As has been reported in several places starting with the EA-Land blog (to which the EA-Land site now points), EA will be shutting down EA-Land in August. EA-Land was the do-over of The Sims Online, which at one time in its heady pre-release days was the presumptive heir to the "first million user virtual world" crown. A virtual world/game from EA and built using the biggest, most successful and accessible game IP ever?
What could possibly go wrong?
This is a question that has been asked innumerable times in view of TSO's lack of commercial success, and which deserves some real consideration. The inability of TSO to attract even 100,000 users gave many virtual world watchers significant pause -- could this whole thing be just a big fad after all? We've since discovered that the market for virtual worlds is orders of magnitude larger than TSO's numbers might indicate, but still this is a nagging question. The Sims Online seemed to have everything going for it: the best possible IP, the biggest publisher, and a huge team. So what happened? Why didn't this game crest a million happy, Simmy users as new players flooded online?

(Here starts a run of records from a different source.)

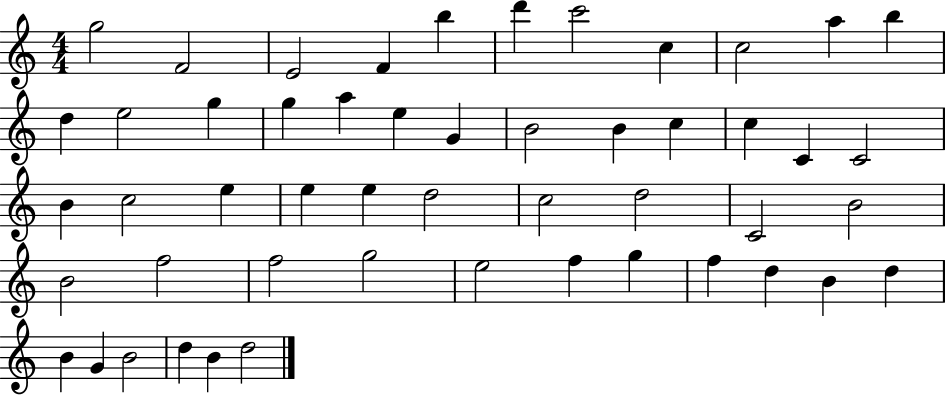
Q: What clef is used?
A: treble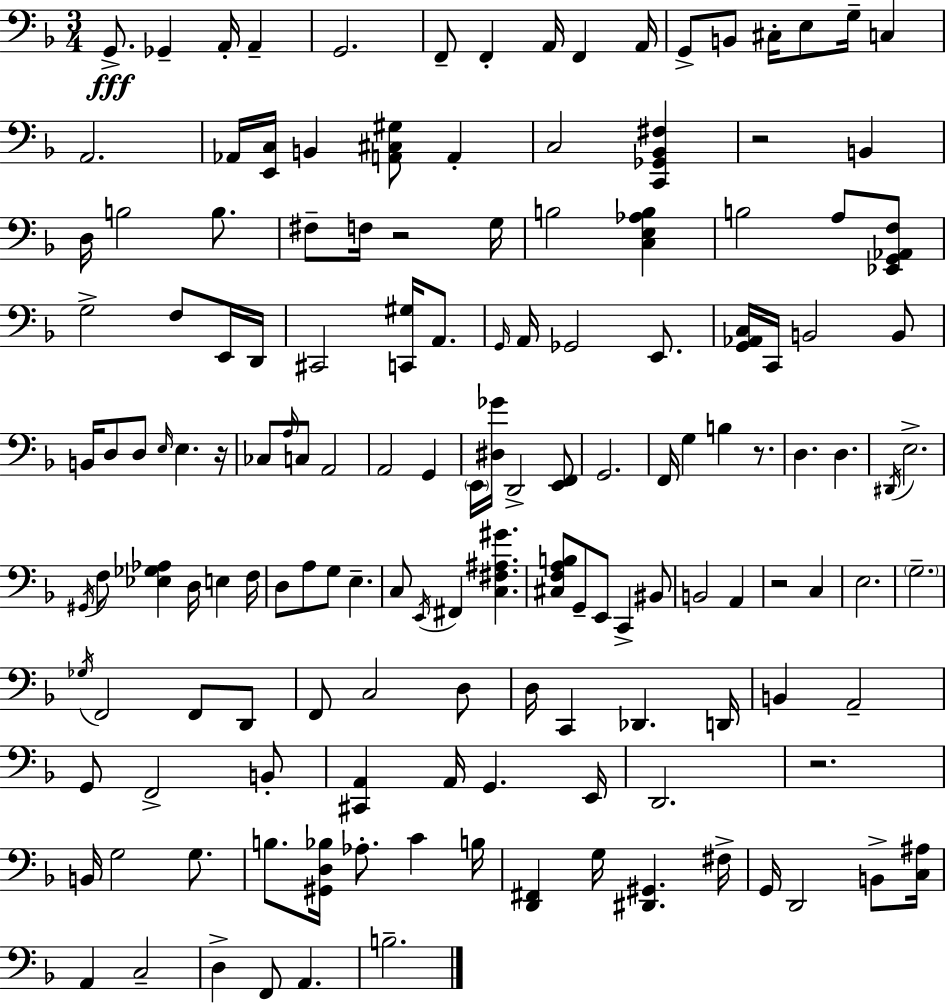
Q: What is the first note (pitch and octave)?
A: G2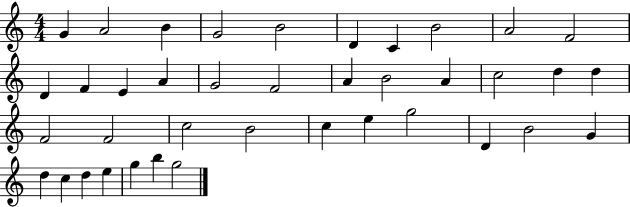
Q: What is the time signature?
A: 4/4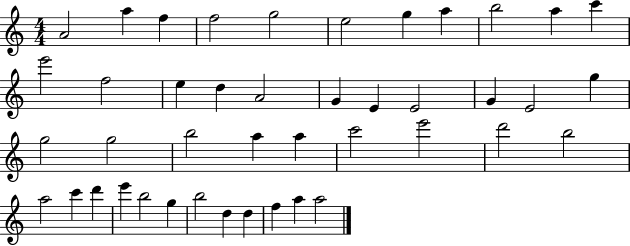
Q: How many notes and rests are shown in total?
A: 43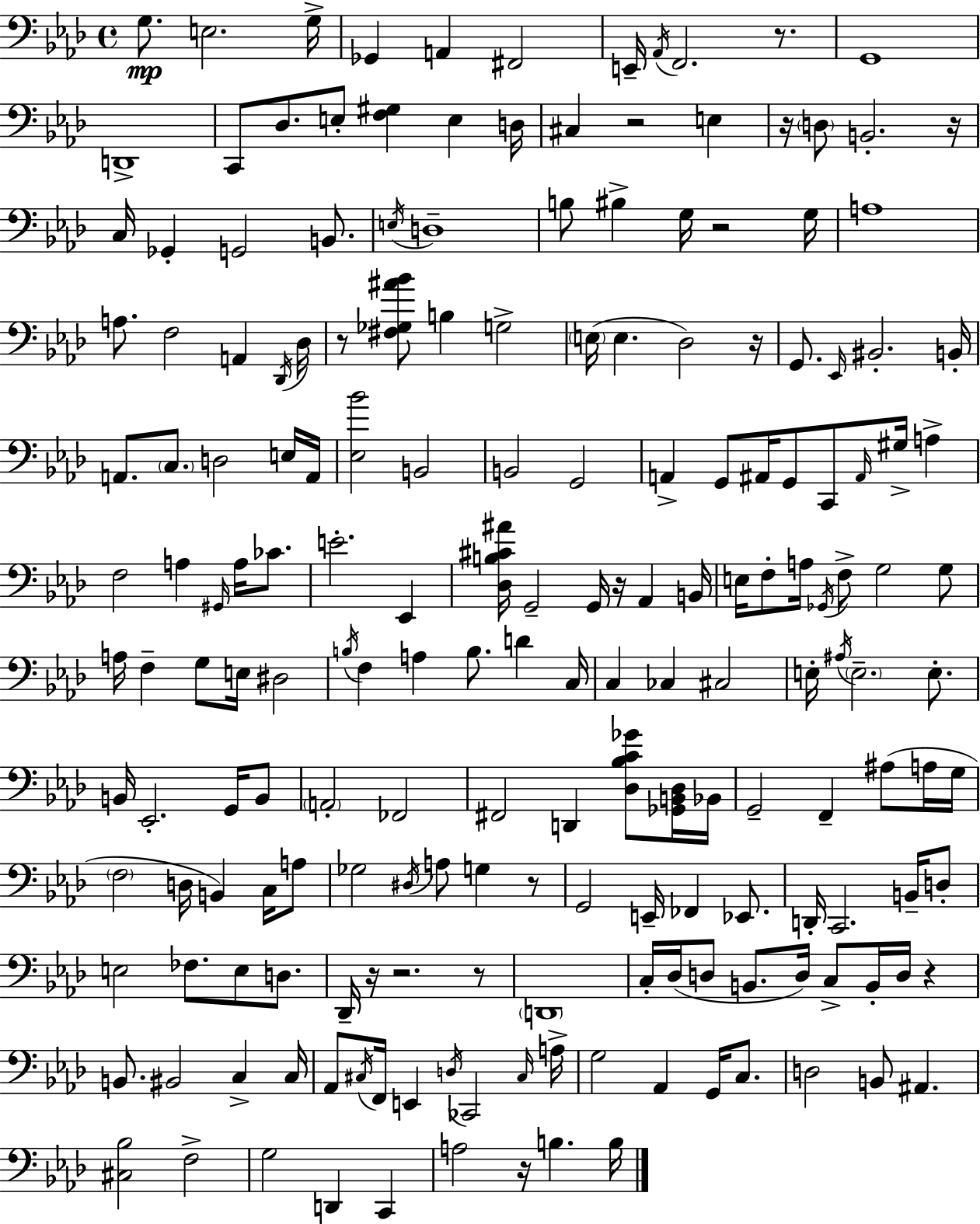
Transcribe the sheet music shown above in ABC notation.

X:1
T:Untitled
M:4/4
L:1/4
K:Fm
G,/2 E,2 G,/4 _G,, A,, ^F,,2 E,,/4 _A,,/4 F,,2 z/2 G,,4 D,,4 C,,/2 _D,/2 E,/2 [F,^G,] E, D,/4 ^C, z2 E, z/4 D,/2 B,,2 z/4 C,/4 _G,, G,,2 B,,/2 E,/4 D,4 B,/2 ^B, G,/4 z2 G,/4 A,4 A,/2 F,2 A,, _D,,/4 _D,/4 z/2 [^F,_G,^A_B]/2 B, G,2 E,/4 E, _D,2 z/4 G,,/2 _E,,/4 ^B,,2 B,,/4 A,,/2 C,/2 D,2 E,/4 A,,/4 [_E,_B]2 B,,2 B,,2 G,,2 A,, G,,/2 ^A,,/4 G,,/2 C,,/2 ^A,,/4 ^G,/4 A, F,2 A, ^G,,/4 A,/4 _C/2 E2 _E,, [_D,B,^C^A]/4 G,,2 G,,/4 z/4 _A,, B,,/4 E,/4 F,/2 A,/4 _G,,/4 F,/2 G,2 G,/2 A,/4 F, G,/2 E,/4 ^D,2 B,/4 F, A, B,/2 D C,/4 C, _C, ^C,2 E,/4 ^A,/4 E,2 E,/2 B,,/4 _E,,2 G,,/4 B,,/2 A,,2 _F,,2 ^F,,2 D,, [_D,_B,C_G]/2 [_G,,B,,_D,]/4 _B,,/4 G,,2 F,, ^A,/2 A,/4 G,/4 F,2 D,/4 B,, C,/4 A,/2 _G,2 ^D,/4 A,/2 G, z/2 G,,2 E,,/4 _F,, _E,,/2 D,,/4 C,,2 B,,/4 D,/2 E,2 _F,/2 E,/2 D,/2 _D,,/4 z/4 z2 z/2 D,,4 C,/4 _D,/4 D,/2 B,,/2 D,/4 C,/2 B,,/4 D,/4 z B,,/2 ^B,,2 C, C,/4 _A,,/2 ^C,/4 F,,/4 E,, D,/4 _C,,2 ^C,/4 A,/4 G,2 _A,, G,,/4 C,/2 D,2 B,,/2 ^A,, [^C,_B,]2 F,2 G,2 D,, C,, A,2 z/4 B, B,/4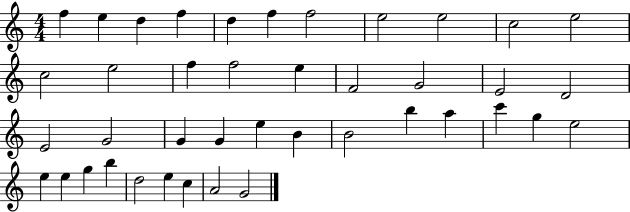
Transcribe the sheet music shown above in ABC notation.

X:1
T:Untitled
M:4/4
L:1/4
K:C
f e d f d f f2 e2 e2 c2 e2 c2 e2 f f2 e F2 G2 E2 D2 E2 G2 G G e B B2 b a c' g e2 e e g b d2 e c A2 G2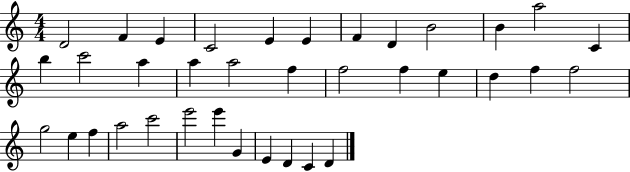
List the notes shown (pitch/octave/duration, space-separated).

D4/h F4/q E4/q C4/h E4/q E4/q F4/q D4/q B4/h B4/q A5/h C4/q B5/q C6/h A5/q A5/q A5/h F5/q F5/h F5/q E5/q D5/q F5/q F5/h G5/h E5/q F5/q A5/h C6/h E6/h E6/q G4/q E4/q D4/q C4/q D4/q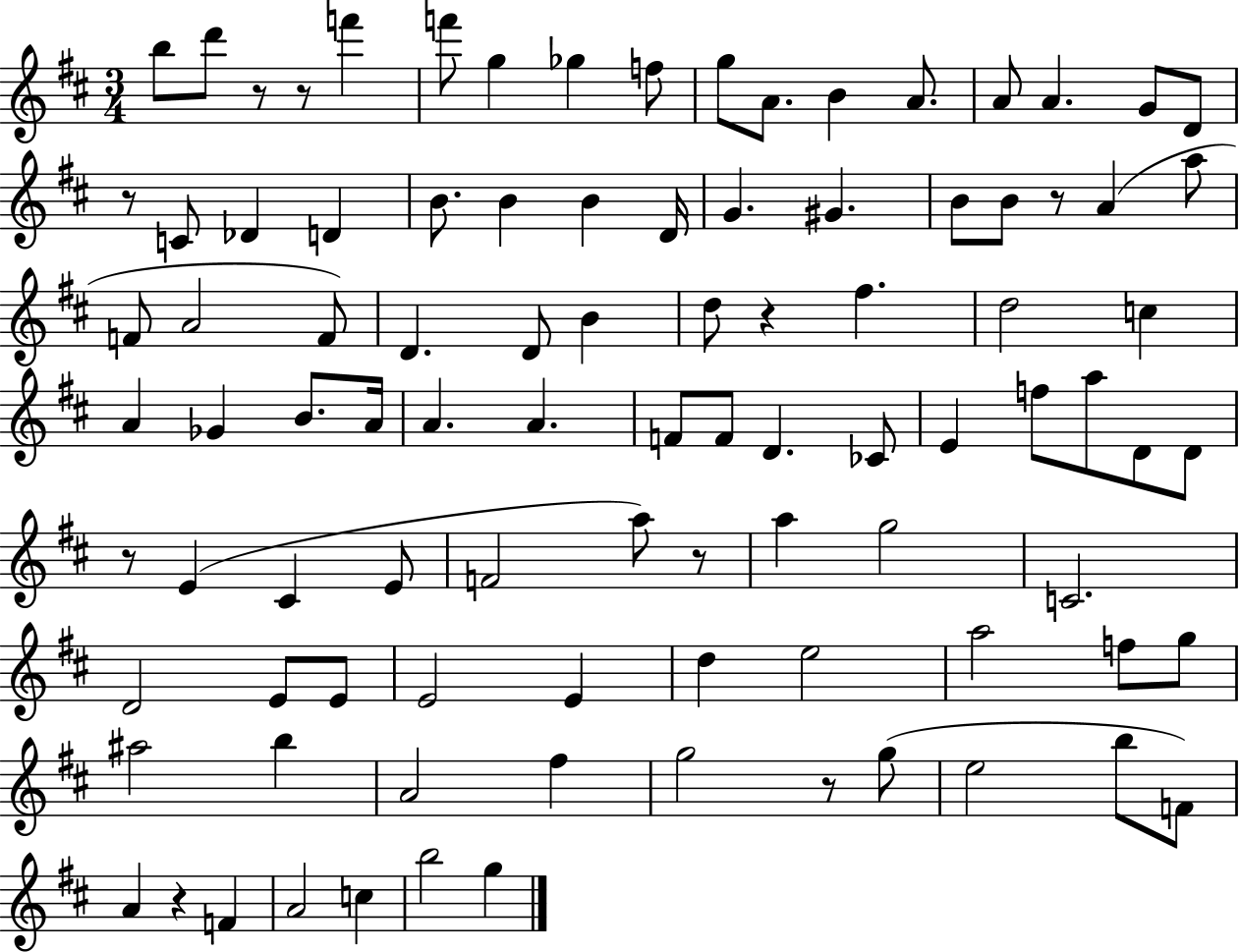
{
  \clef treble
  \numericTimeSignature
  \time 3/4
  \key d \major
  \repeat volta 2 { b''8 d'''8 r8 r8 f'''4 | f'''8 g''4 ges''4 f''8 | g''8 a'8. b'4 a'8. | a'8 a'4. g'8 d'8 | \break r8 c'8 des'4 d'4 | b'8. b'4 b'4 d'16 | g'4. gis'4. | b'8 b'8 r8 a'4( a''8 | \break f'8 a'2 f'8) | d'4. d'8 b'4 | d''8 r4 fis''4. | d''2 c''4 | \break a'4 ges'4 b'8. a'16 | a'4. a'4. | f'8 f'8 d'4. ces'8 | e'4 f''8 a''8 d'8 d'8 | \break r8 e'4( cis'4 e'8 | f'2 a''8) r8 | a''4 g''2 | c'2. | \break d'2 e'8 e'8 | e'2 e'4 | d''4 e''2 | a''2 f''8 g''8 | \break ais''2 b''4 | a'2 fis''4 | g''2 r8 g''8( | e''2 b''8 f'8) | \break a'4 r4 f'4 | a'2 c''4 | b''2 g''4 | } \bar "|."
}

There are a lot of thoughts and a lot of theories: Was it the removal of The Sims' charming internal motivations, leaving them as only empty avatars? Was it the lack of significant gameplay (aside from making gnomes, jam, and pizza)? Was the game in effect too social and in the wrong ways? Was it even the fact that EA has seen huge success with single-player console and PC games, but was ill-equipped to take on the design of an MMO? Or something else? I have my thoughts and opinions (full disclosure: I was on the TSO team early in its life, and my opinions are informed by that time), but I'm interested to hear what others who have followed it and played it think.
One last thing for now: it's important to note, as Luc Barthelet said in his 'thank you' post on the
EA-Land blog, that "virtual worlds are still in their infancy." This is
certainly true, and we should expect some big failures -- but hopefully
ones that, as Clay Shirky recently wrote, will fail informatively. We've seen a number of failures in MMOs (including several from EA), despite the overall large number of commercial successes, and will no doubt see more as time goes on.
What can we learn from the redo of TSO and now the shuttering of EA-Land, and what does this tell us about the future (in terms of design, production, and commercial success) of MMOs and virtual worlds?